John Thomas writes on Five Mistakes of a Church Planter. They are probably mistakes of pastors of established churches as well. It is worth reading and considering.

Scot McKnight links to this Wall Street Journal article, “Are Pop Songs Getting Sadder?” It begins with this assertion: “As measured by key and tempo — and setting lyrics aside —pop music has gotten gloomier since the ’60s.” It’s a strange source for the affirmation that keys and tempos carry meaning without word. In other words, music is moral. It has meaning even when you set the lyrics aside.

Here’s an interesting article on the senses, and the way we have distorted life by filling it with technological noise. You won’t like all the emphases, but it’s a good reminder to stop and smell the roses sometimes. And not just metaphorically.
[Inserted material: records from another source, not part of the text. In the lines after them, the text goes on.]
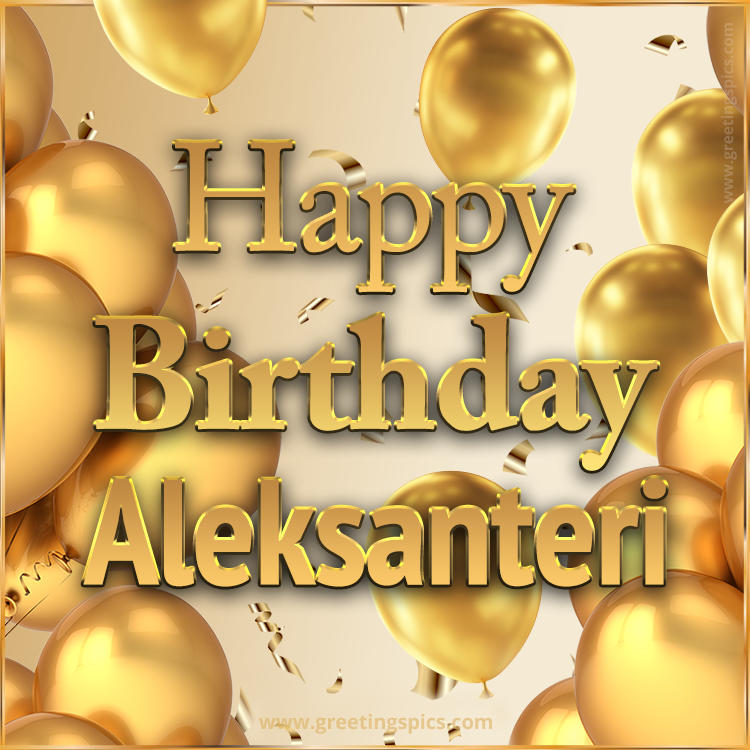 Happy Birthday Aleksanteri Card with golden confetti and balloons (square shape image)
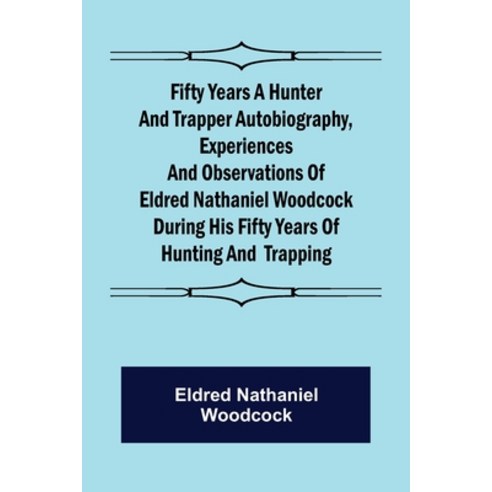 (영문도서) Fifty Years a Hunter and Trapper Autobiography experiences and observations of Eldred Nathan... Paperback, Alpha Edition, English, 9789355894786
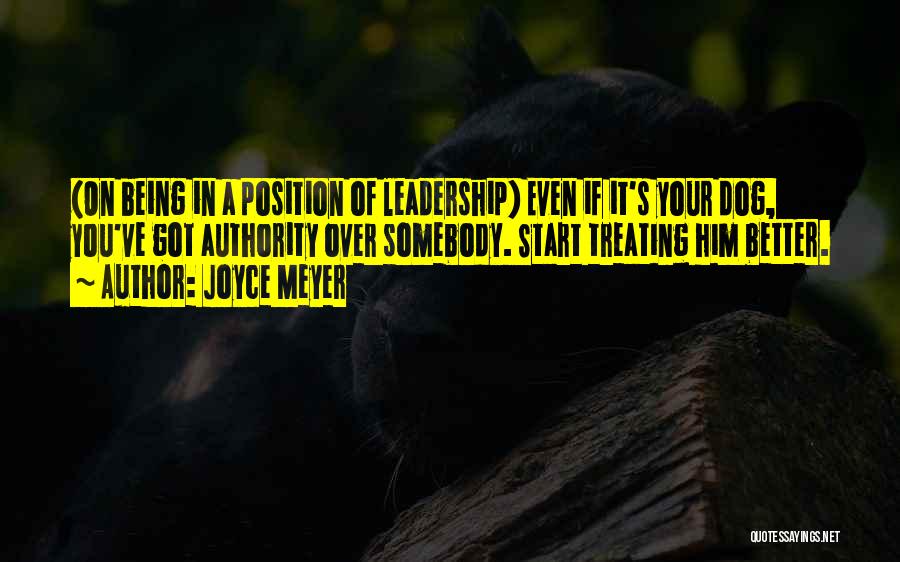 Joyce Meyer Quotes: (on Being In A Position Of Leadership) Even If It's Your Dog, You've Got Authority Over Somebody. Start Treating Him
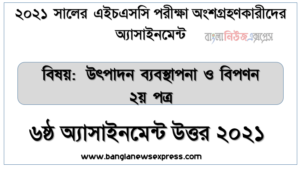 ২০২১ সালের এইচএসসি পরীক্ষায় অংশগ্রহণকারী শিক্ষার্থীদের জন্য উৎপাদন ব্যবস্থাপনা ও বিপণন ২য় পত্র ৬ষ্ঠ সপ্তাহের অ্যাসাইনমেন্ট উত্তর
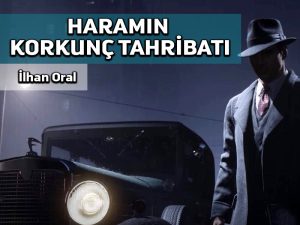 Haramın korkunç tahribatı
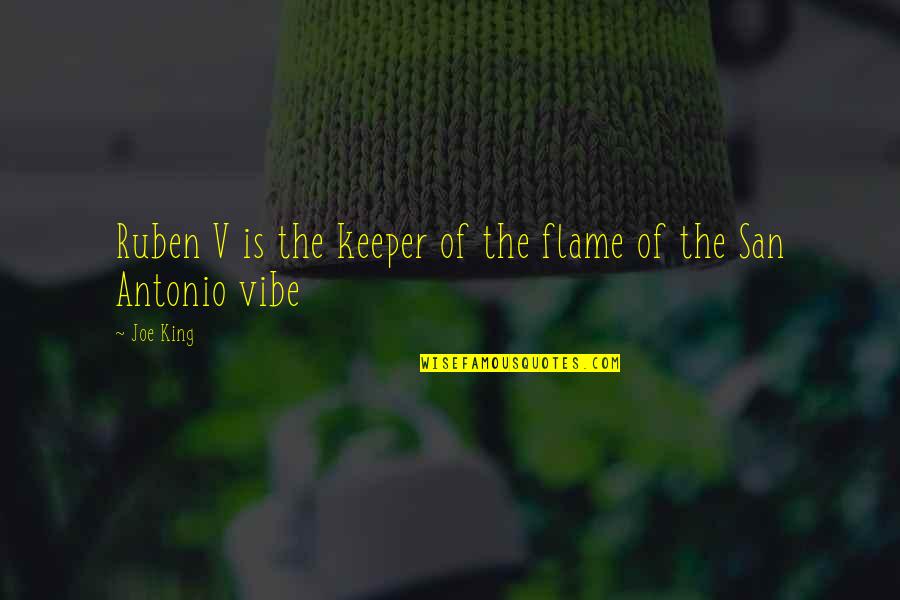 Weird Old Fashioned Quotes By Joe King: Ruben V is the keeper of the flame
And on Father’s Day weekend, this isn’t a bad reminder.


Anonymous said...

The same thing is happening to Christian Music. Even thought the lyrics are very good at times, the music is more "down" in the feeling. The conservative "old style" music makes you want to sing your heart out and feel joyful. Much of the "new music" does not leave one with much joy because the music is more minor key a lot of the time. I observed this very clearly in a service where the types of music was mixed.

Larry said...

One of the things that much church music lacks is the themes of lament found so frequently in the psalms. It often presents a jilted or distorted view of Christianity that all is happy and nothing is ever wrong.

Lament and meditation plays an important part in Scripture and in the Christian life. It should also have a place in the corporate worship of the church. People probably need to spend more time meditating and mourning, not less. It is hard in the materialistic culture of the American church, though.

The key thing in this regard is that the music needs to match the words. And the service needs to be coherent. Going from one to the other is shocking. But when the theme of the service ties together, it makes sense.